Both the line below containing "Mario Aji Start" and the line containing "Elastic Leg Joggers - Picture 7 of 11", along with every line between them, should be repeated exactly; no other line belongs in the answer.

··· EXTRACTED RECORDS

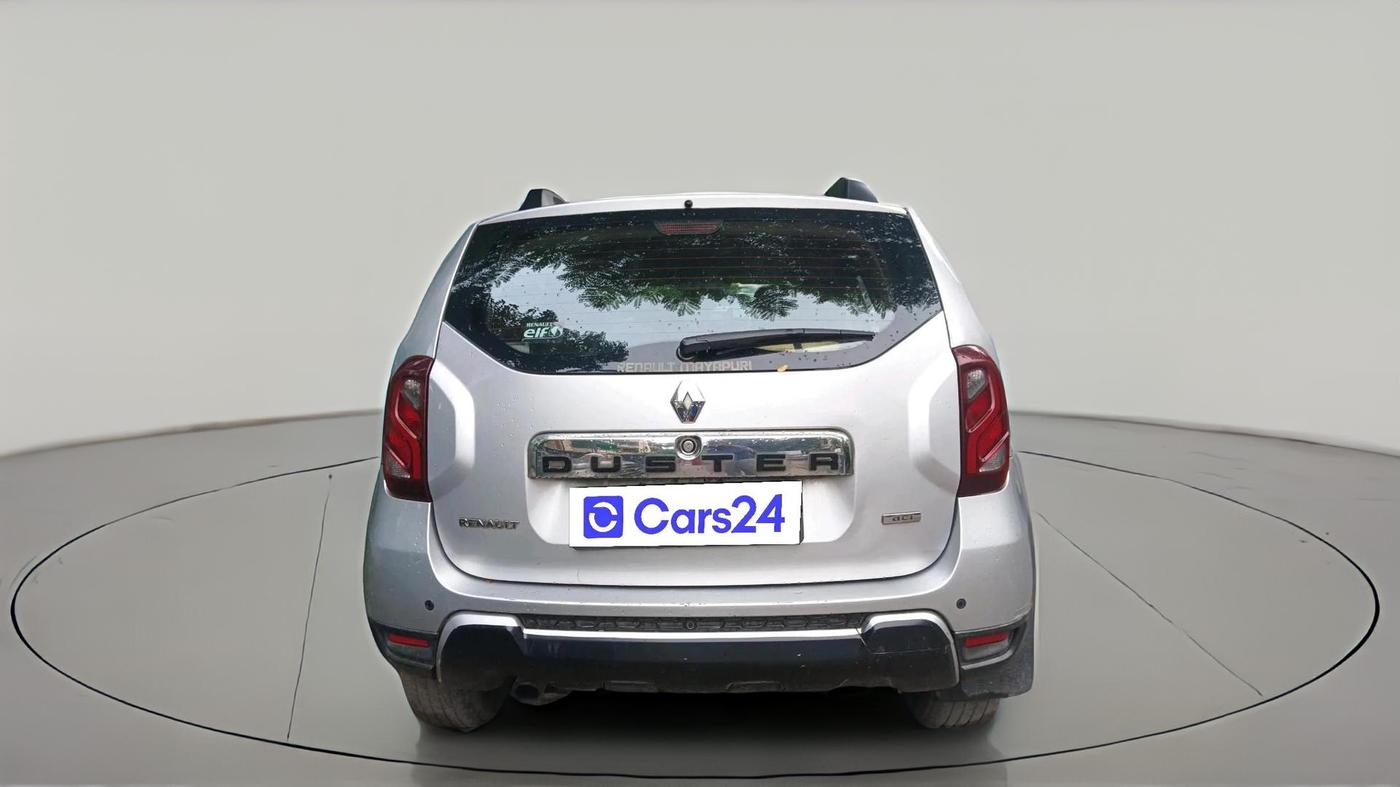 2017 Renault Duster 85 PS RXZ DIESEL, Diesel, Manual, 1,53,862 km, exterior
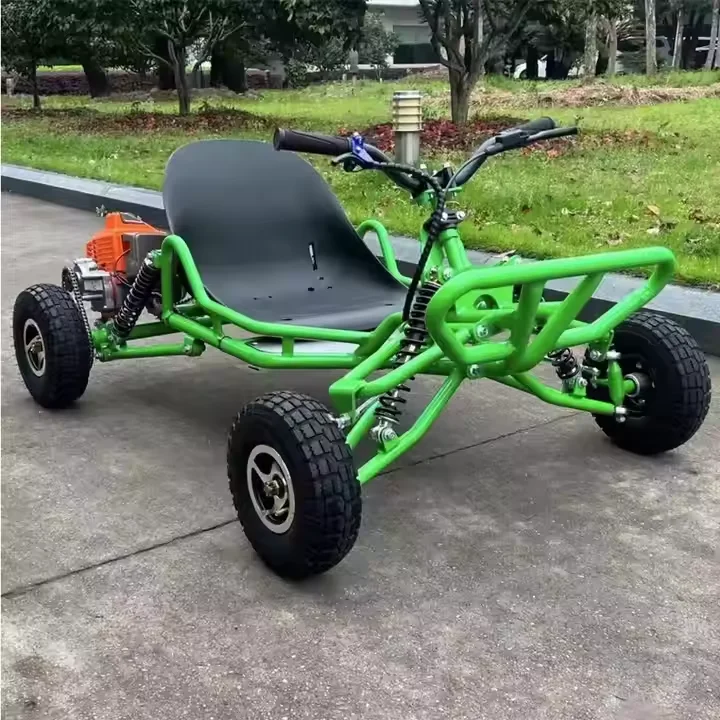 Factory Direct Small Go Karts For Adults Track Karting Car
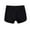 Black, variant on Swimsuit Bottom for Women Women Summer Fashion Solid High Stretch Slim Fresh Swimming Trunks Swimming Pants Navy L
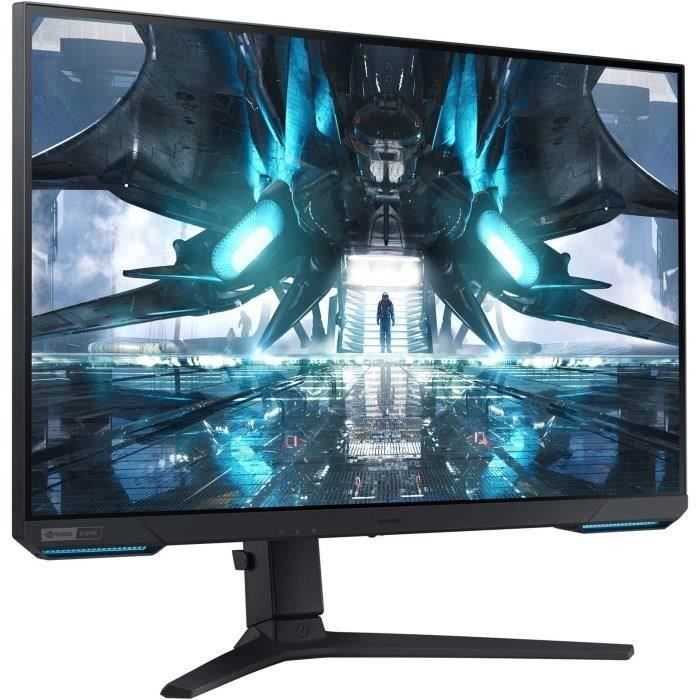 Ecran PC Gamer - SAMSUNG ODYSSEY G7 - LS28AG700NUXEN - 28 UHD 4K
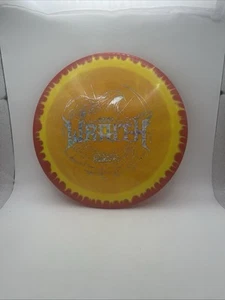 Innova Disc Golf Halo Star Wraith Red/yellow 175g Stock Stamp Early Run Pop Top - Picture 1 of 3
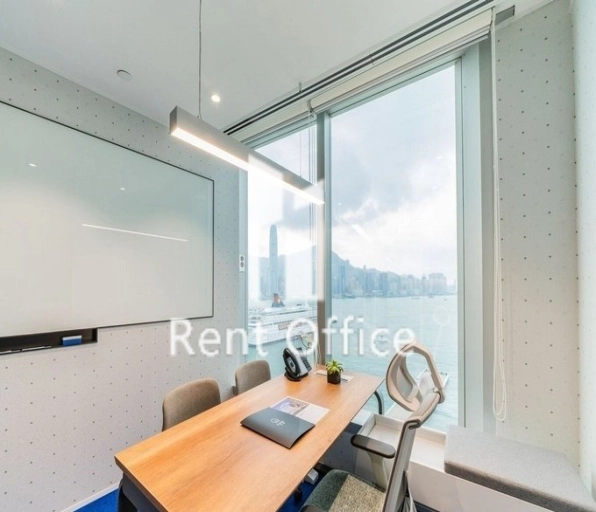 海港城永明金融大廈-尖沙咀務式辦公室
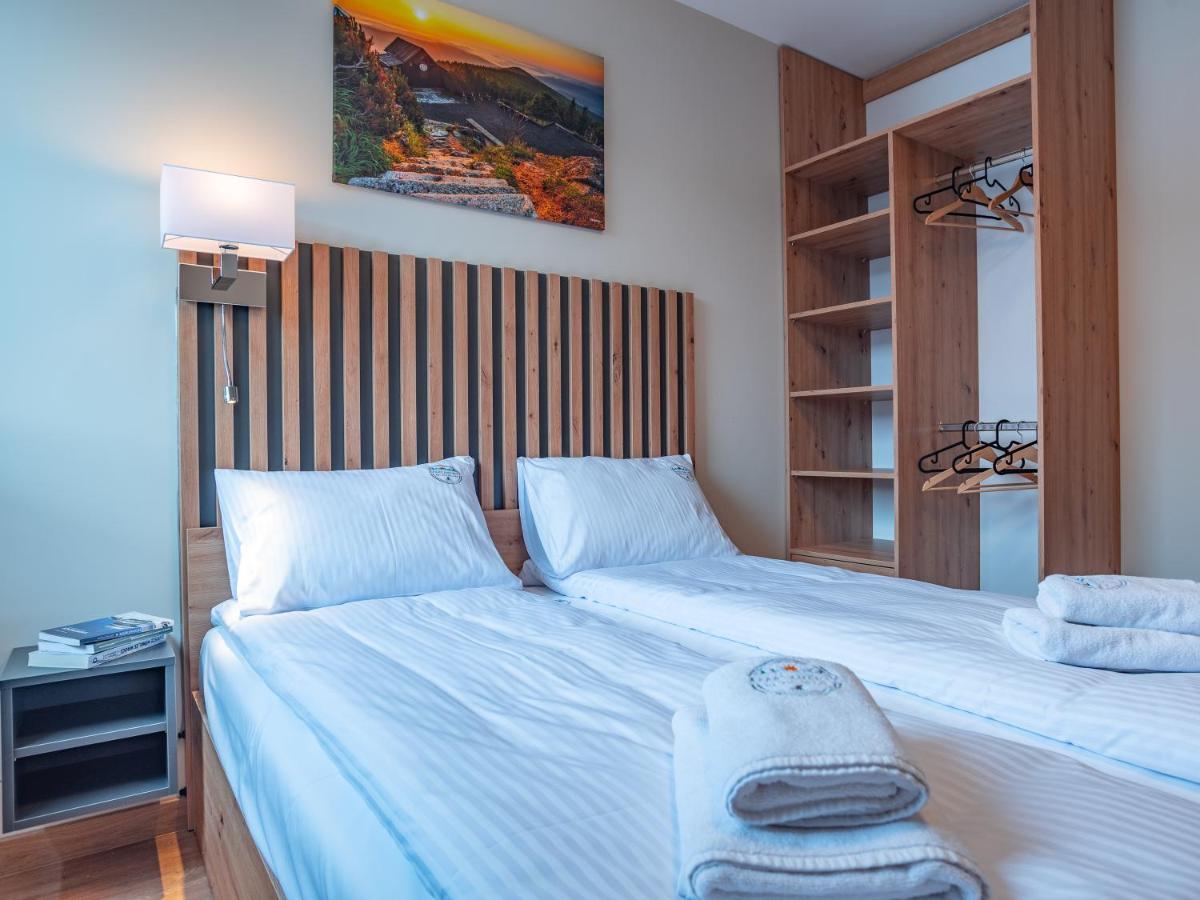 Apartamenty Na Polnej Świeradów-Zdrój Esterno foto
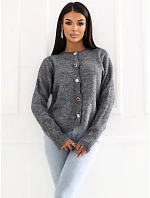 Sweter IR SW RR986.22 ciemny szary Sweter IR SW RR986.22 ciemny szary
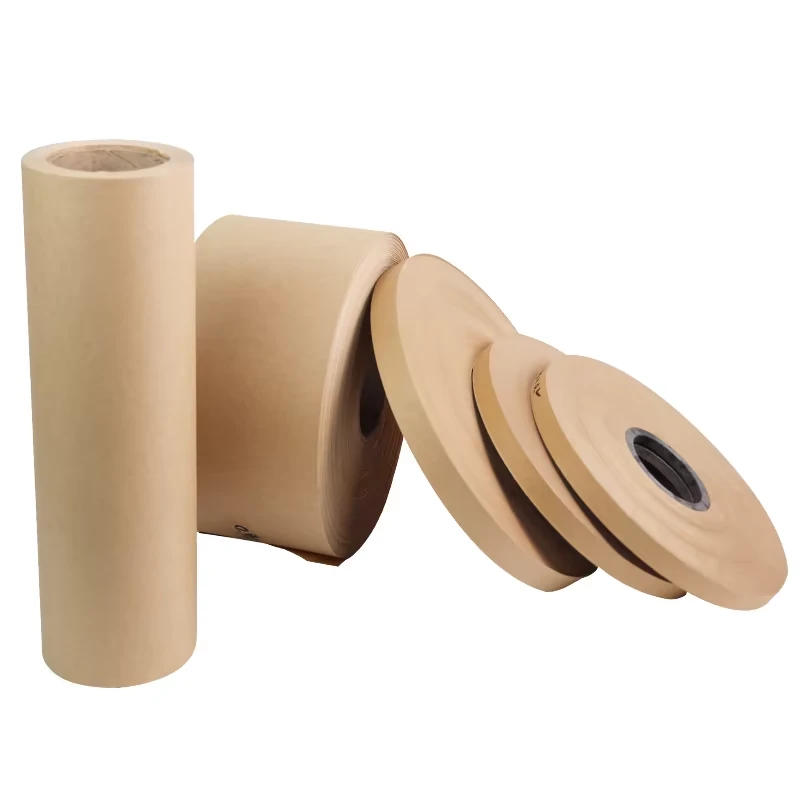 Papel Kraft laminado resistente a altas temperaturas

······
··· EXTRACTED RECORDS

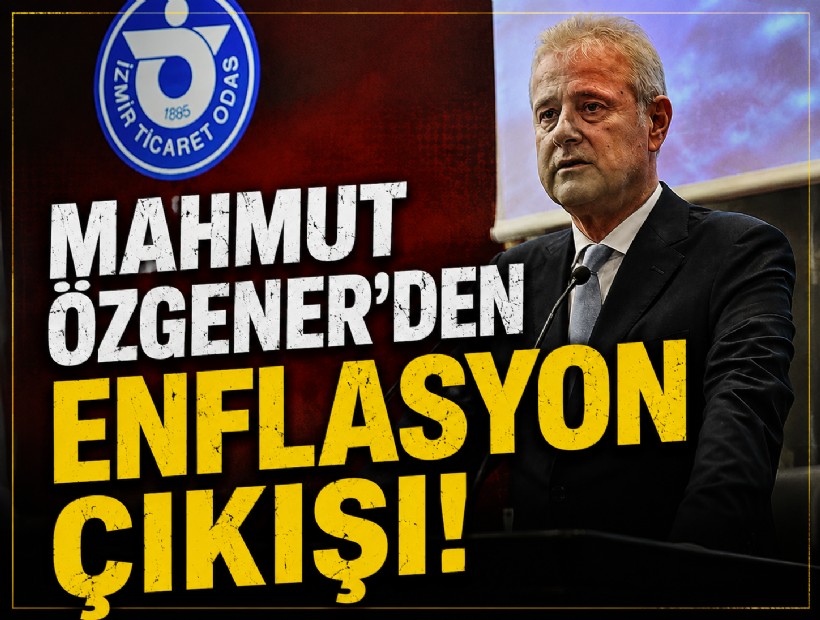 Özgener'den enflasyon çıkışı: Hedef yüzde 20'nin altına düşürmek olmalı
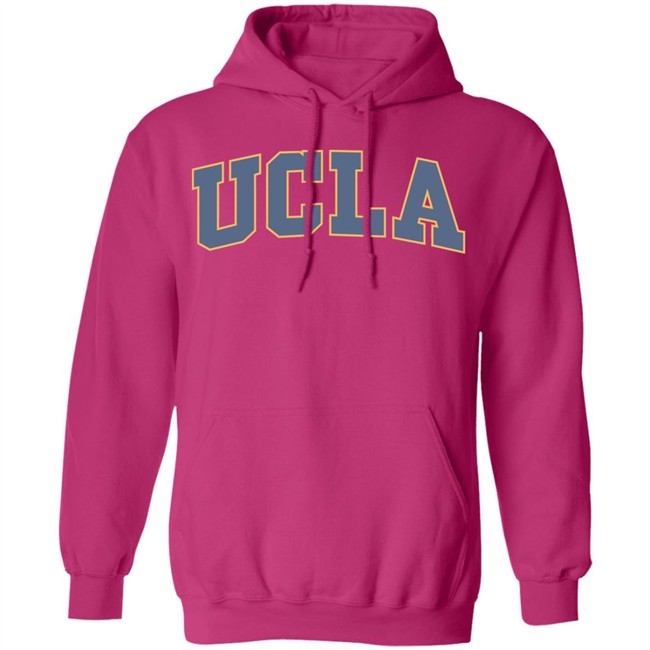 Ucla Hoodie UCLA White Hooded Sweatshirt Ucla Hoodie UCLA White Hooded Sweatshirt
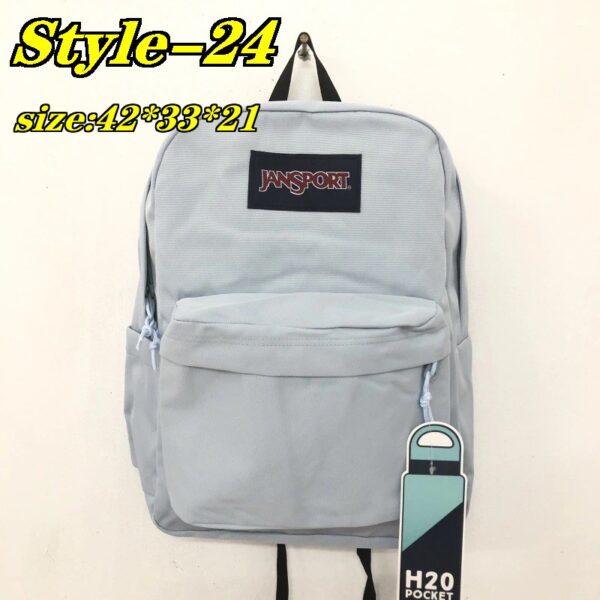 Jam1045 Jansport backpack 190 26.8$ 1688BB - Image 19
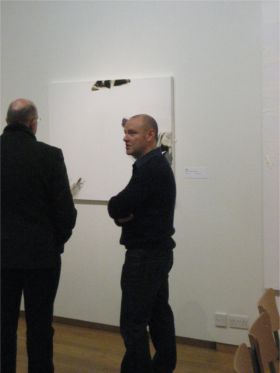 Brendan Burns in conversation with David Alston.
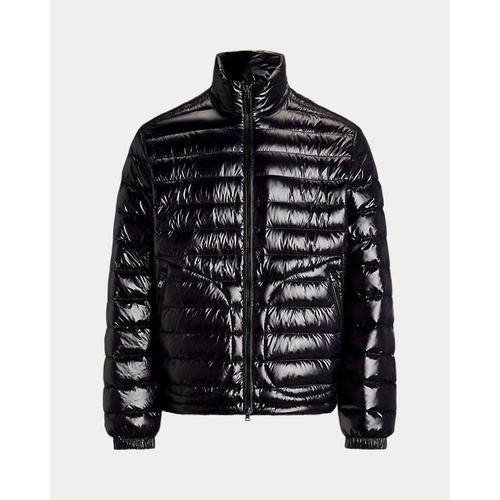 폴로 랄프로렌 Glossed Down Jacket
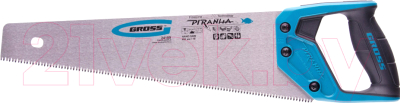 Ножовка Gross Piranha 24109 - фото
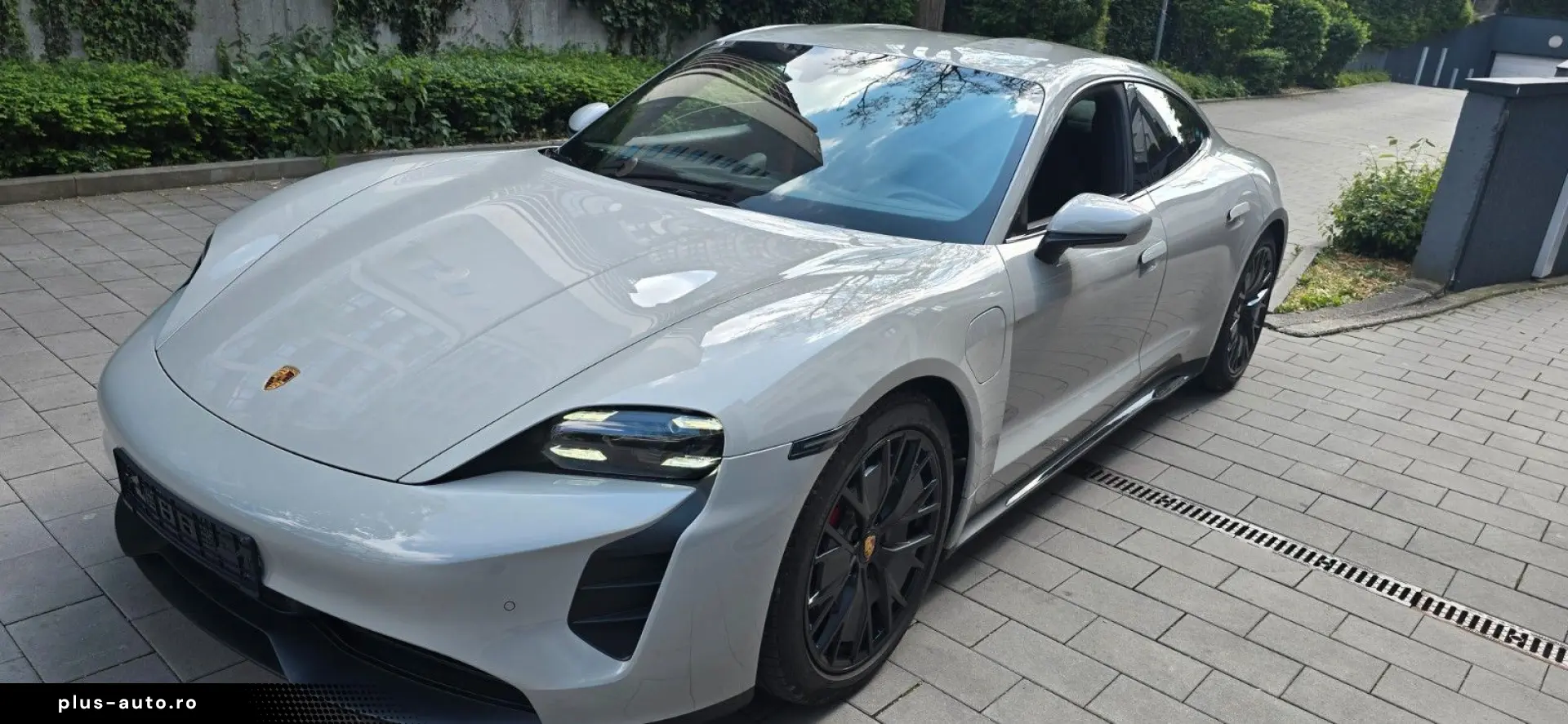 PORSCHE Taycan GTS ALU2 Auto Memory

······
··· EXTRACTED RECORDS

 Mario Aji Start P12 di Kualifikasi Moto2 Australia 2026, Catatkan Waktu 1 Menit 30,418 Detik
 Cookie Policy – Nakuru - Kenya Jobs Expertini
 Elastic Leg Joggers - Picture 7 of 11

······

▶ [WRITTEN SOLUTION]:
 Mario Aji Start P12 di Kualifikasi Moto2 Australia 2026, Catatkan Waktu 1 Menit 30,418 Detik
 Cookie Policy – Nakuru - Kenya Jobs Expertini
 Elastic Leg Joggers - Picture 7 of 11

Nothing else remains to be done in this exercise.